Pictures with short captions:
# # # # #

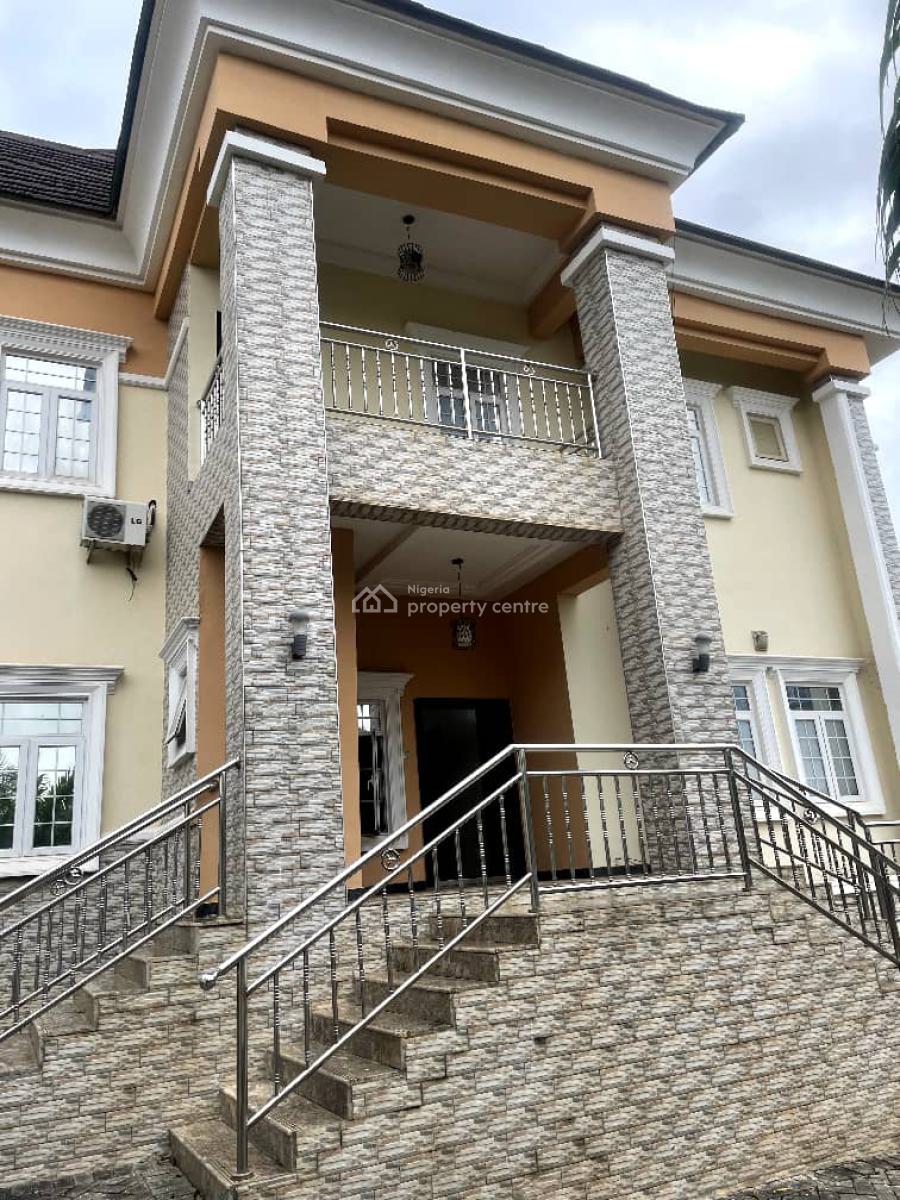 5-bedrooms Detached Duplex, Efab Metrópolis Estate, Karsana, Abuja, Detached Duplex for Sale
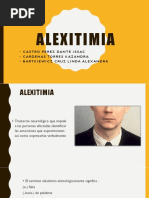 Alexitimia PPT Final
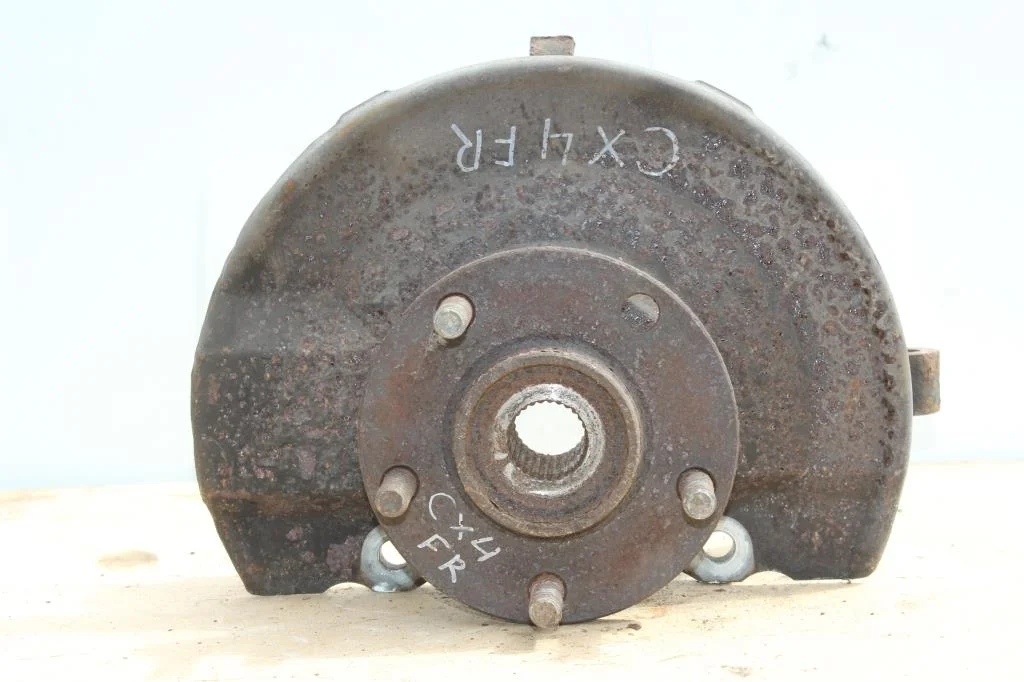 Б.у. кулак поворотный MITSUBISHI LANCER CX4A MITSUBISHI LANCER CX4A
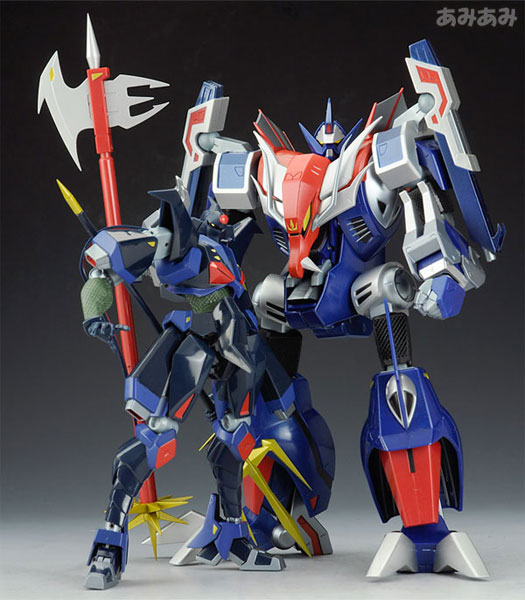 AmiAmi [Character & Hobby Shop] | Soul of Chogokin - GX-56 Ninja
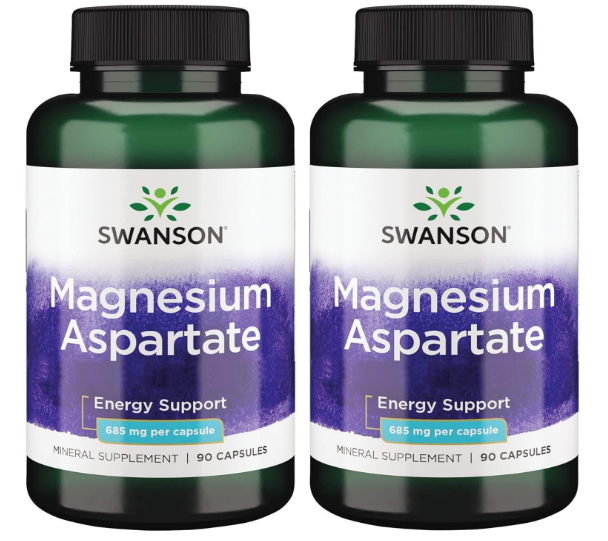 Swanson <b>마그네슘 아스파테이트</b> 180정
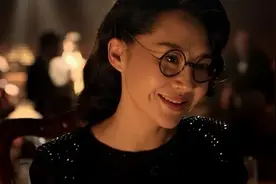 许晴，你几岁了？图片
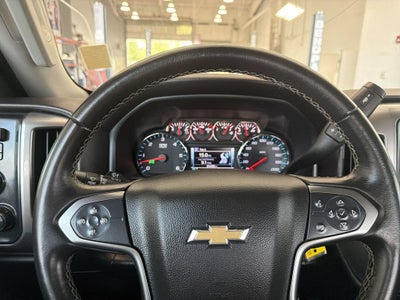 2015 Chevrolet Silverado 3500 HD LT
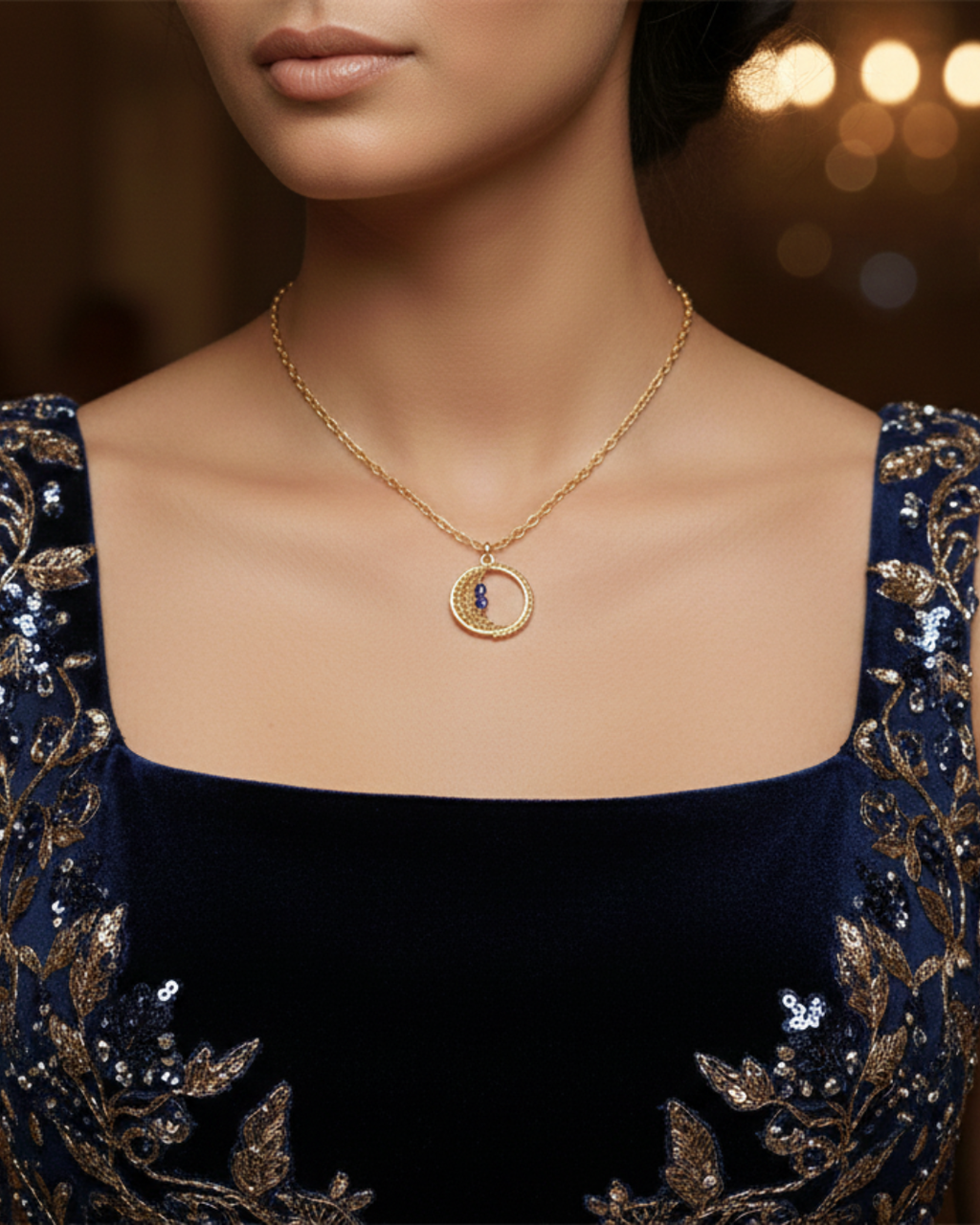 Collar Luna Y2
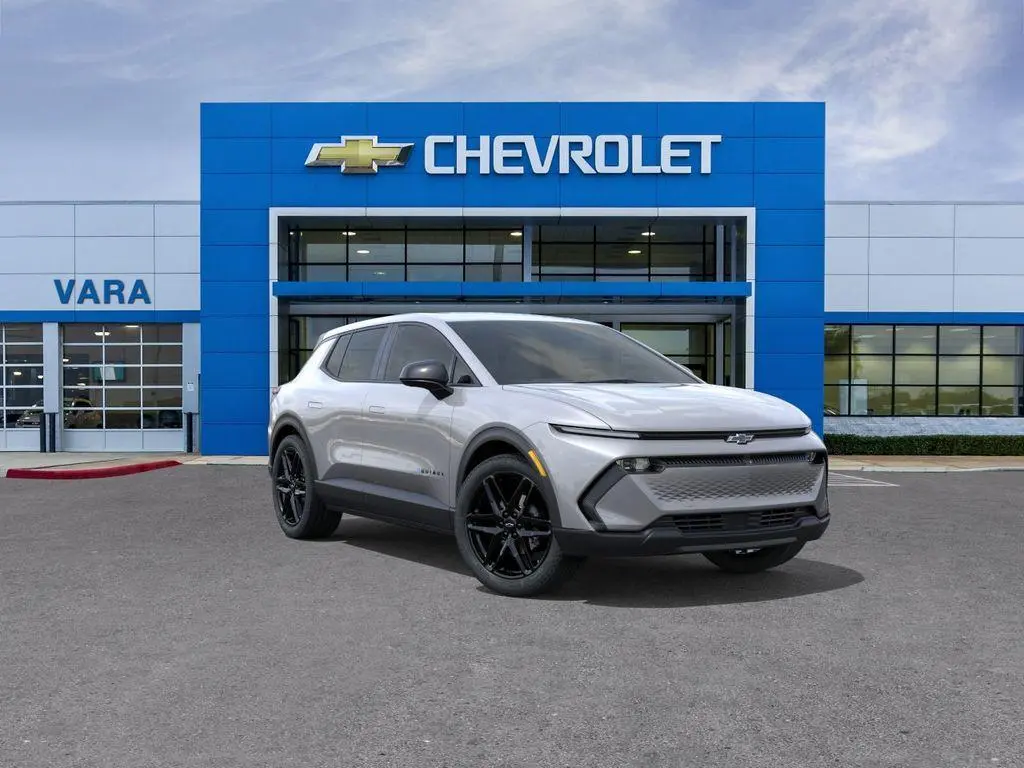 2026 Chevrolet Equinox EV LT 1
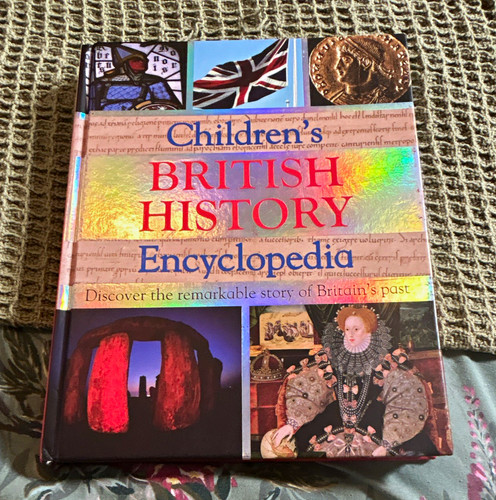 Children british history - british,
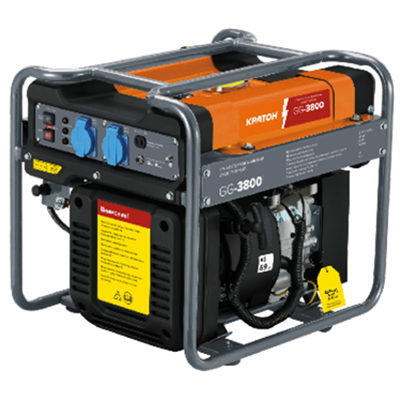 Генератор бензиновый Кратон GG-3800i Генератор бензиновый Кратон GG-3800i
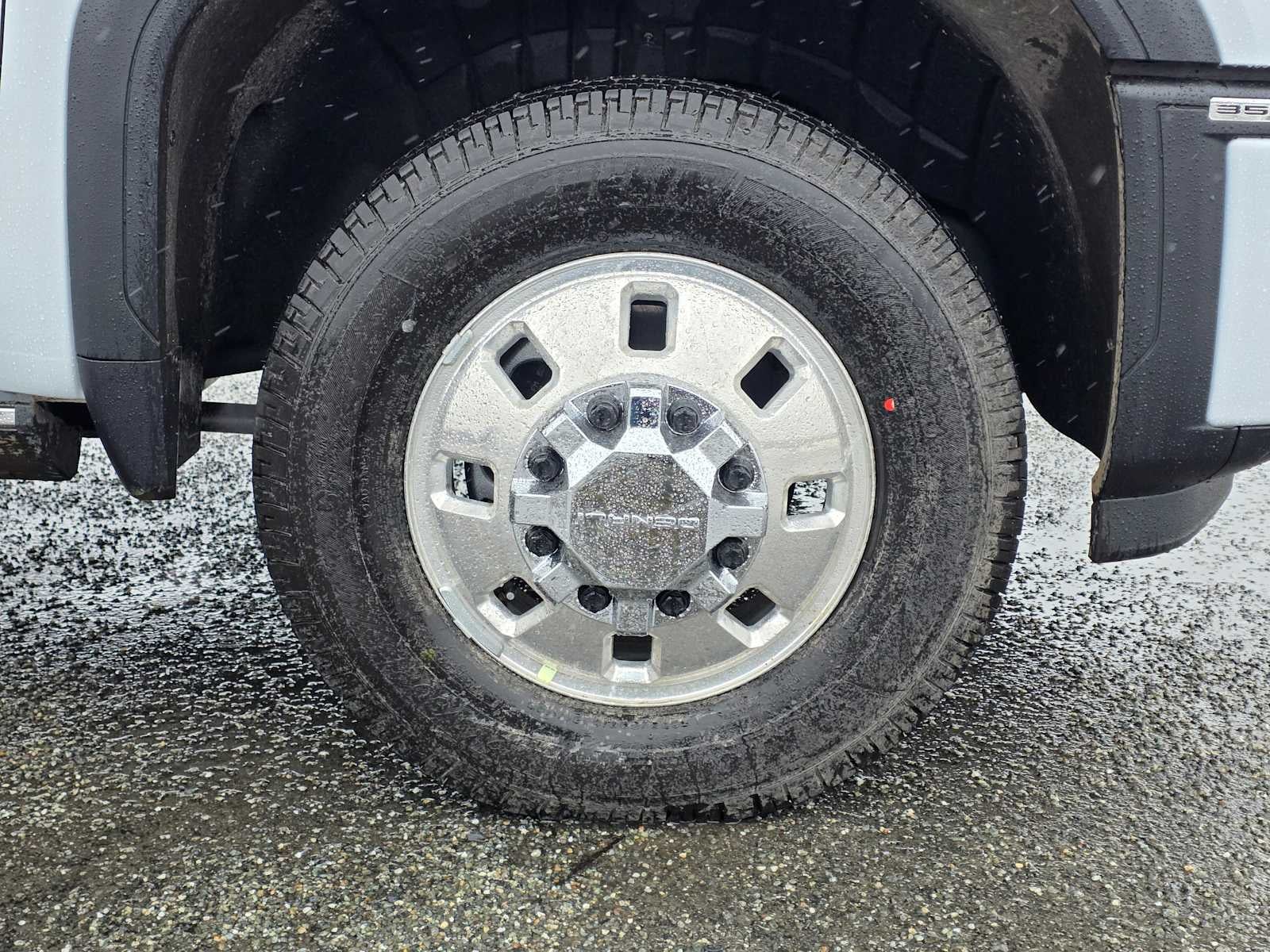 2026 GMC Sierra 3500 HD Denali Ultimate DRW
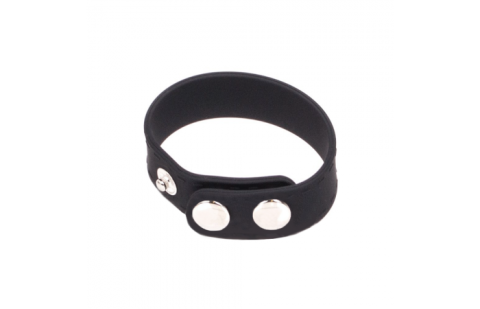 Silicone Tri-Button Ring 22mm OPR-2050007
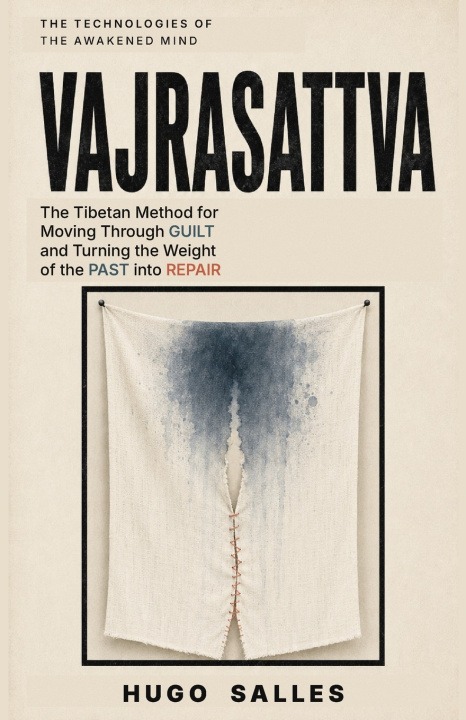 Βιβλίο VAJRASATTVA Hugo Salles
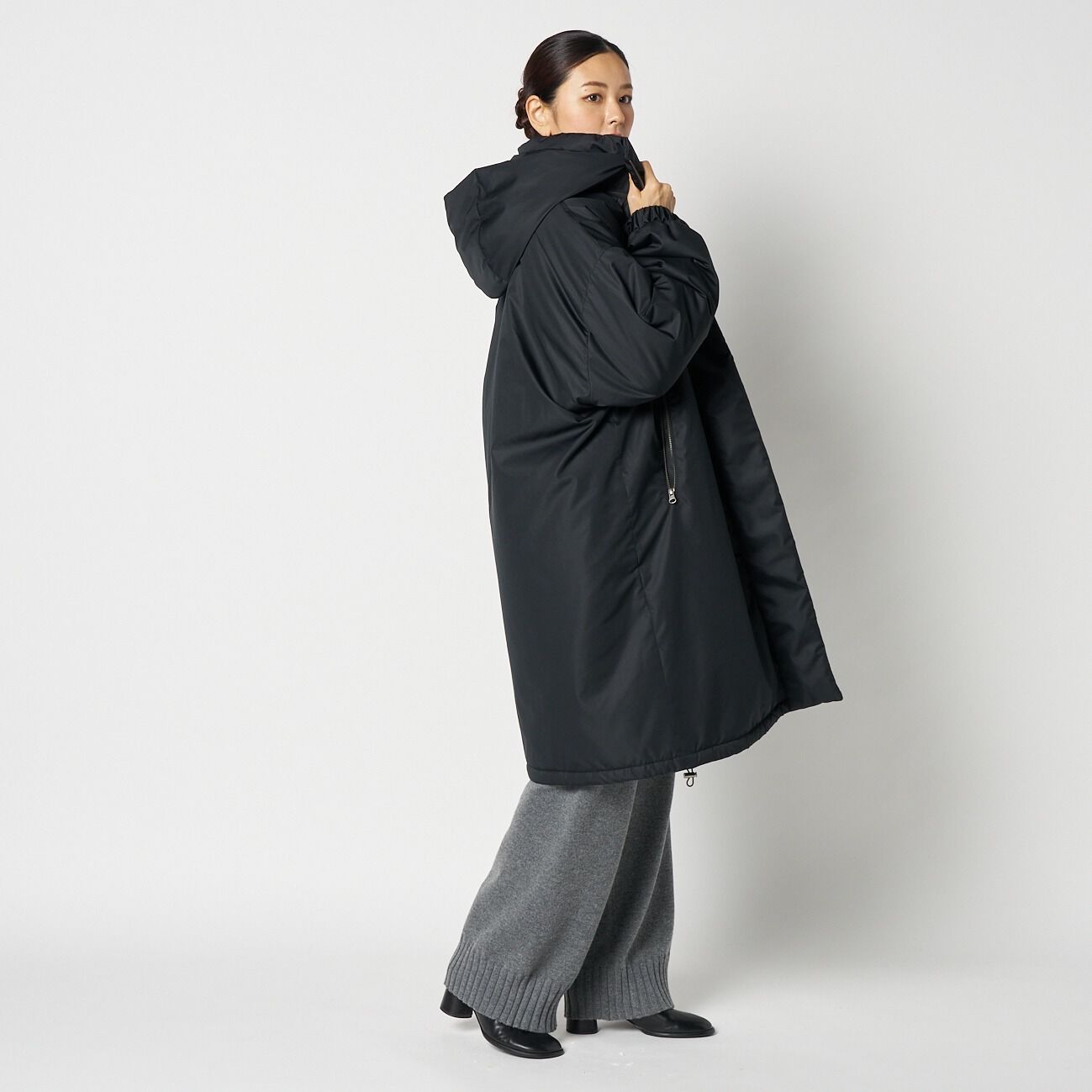 HELIOPOLE「HELIOPOLE the FIELD COAT」|トレンチコート|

# # # # #

* [Work order] Keep the pictures out and repeat exactly the lines from the beginning of the data through the line that contains "2026 GMC Sierra 3500 HD Denali Ultimate DRW", both ends included.

* [Response area]
 5-bedrooms Detached Duplex, Efab Metrópolis Estate, Karsana, Abuja, Detached Duplex for Sale
 Alexitimia PPT Final
 Б.у. кулак поворотный MITSUBISHI LANCER CX4A MITSUBISHI LANCER CX4A
 AmiAmi [Character & Hobby Shop] | Soul of Chogokin - GX-56 Ninja
 Swanson <b>마그네슘 아스파테이트</b> 180정
 许晴，你几岁了？图片
 2015 Chevrolet Silverado 3500 HD LT
 Collar Luna Y2
 2026 Chevrolet Equinox EV LT 1
 Children british history - british,
 Генератор бензиновый Кратон GG-3800i Генератор бензиновый Кратон GG-3800i
 2026 GMC Sierra 3500 HD Denali Ultimate DRW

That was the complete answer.